Nothing but the lines below from the one holding "VINTAGE 1981The Frances" up to and including the one holding "35303 SW 180th Ave #314 - Homestead, FL" should be copied, exactly and without pictures.

**Exercise materials**
==================================================
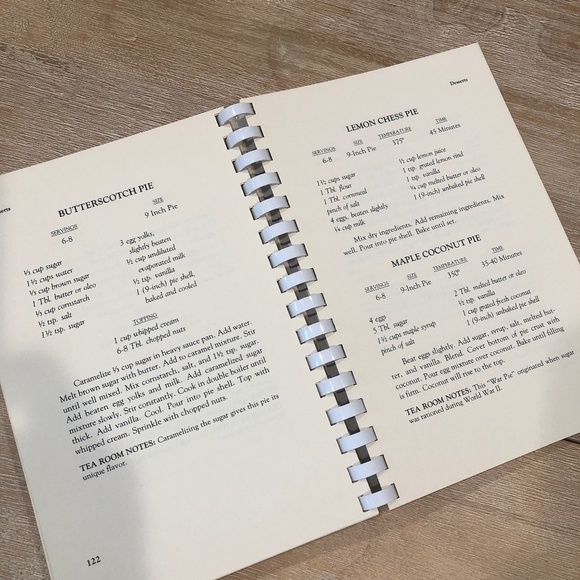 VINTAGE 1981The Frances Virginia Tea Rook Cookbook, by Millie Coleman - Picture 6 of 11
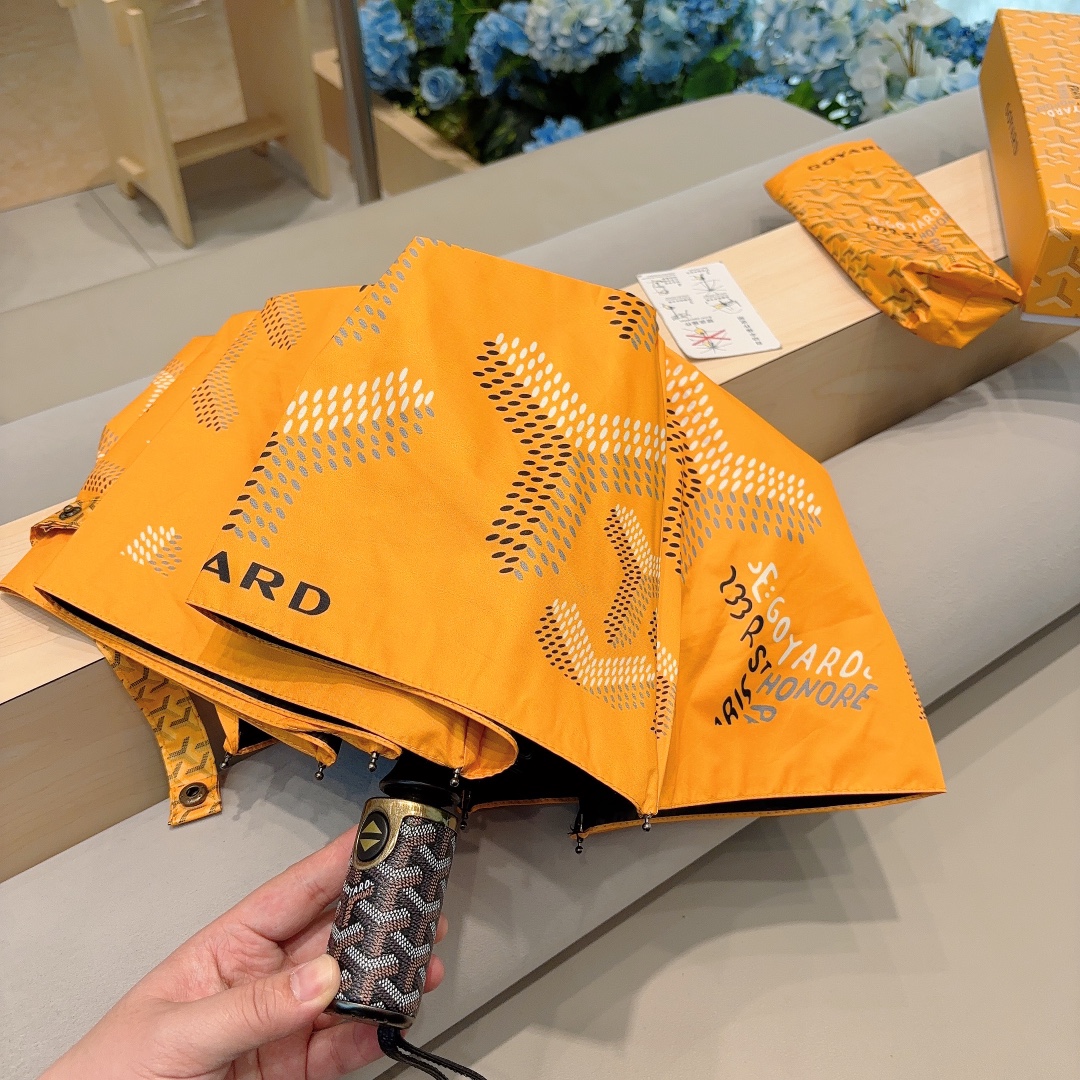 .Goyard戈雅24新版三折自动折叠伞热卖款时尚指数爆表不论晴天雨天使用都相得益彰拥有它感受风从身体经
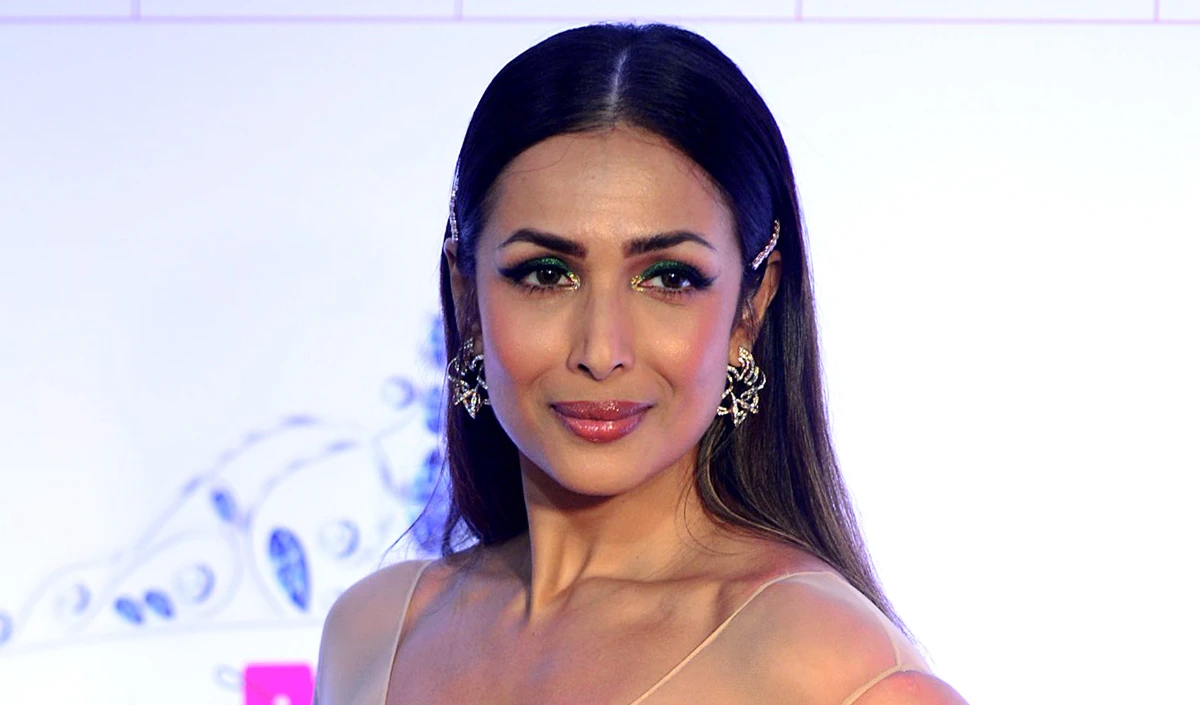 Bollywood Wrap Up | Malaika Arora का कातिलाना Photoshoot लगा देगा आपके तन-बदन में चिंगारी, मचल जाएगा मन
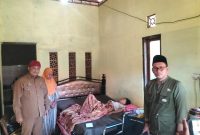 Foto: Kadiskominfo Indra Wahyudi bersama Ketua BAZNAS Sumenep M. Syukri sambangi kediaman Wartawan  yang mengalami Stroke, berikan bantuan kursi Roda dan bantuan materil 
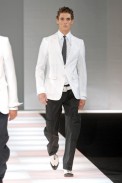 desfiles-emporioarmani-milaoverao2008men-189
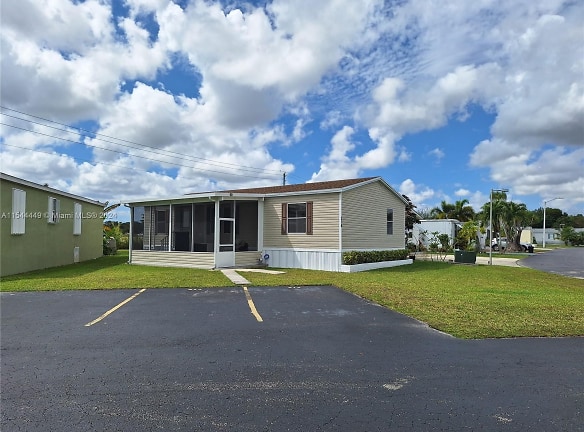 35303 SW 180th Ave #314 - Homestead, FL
==================================================
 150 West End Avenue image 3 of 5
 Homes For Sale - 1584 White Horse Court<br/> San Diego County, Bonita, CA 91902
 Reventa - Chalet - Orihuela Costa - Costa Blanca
==================================================
**Answer space**
 VINTAGE 1981The Frances Virginia Tea Rook Cookbook, by Millie Coleman - Picture 6 of 11
 .Goyard戈雅24新版三折自动折叠伞热卖款时尚指数爆表不论晴天雨天使用都相得益彰拥有它感受风从身体经
 Bollywood Wrap Up | Malaika Arora का कातिलाना Photoshoot लगा देगा आपके तन-बदन में चिंगारी, मचल जाएगा मन
 Foto: Kadiskominfo Indra Wahyudi bersama Ketua BAZNAS Sumenep M. Syukri sambangi kediaman Wartawan  yang mengalami Stroke, berikan bantuan kursi Roda dan bantuan materil 
 desfiles-emporioarmani-milaoverao2008men-189
 35303 SW 180th Ave #314 - Homestead, FL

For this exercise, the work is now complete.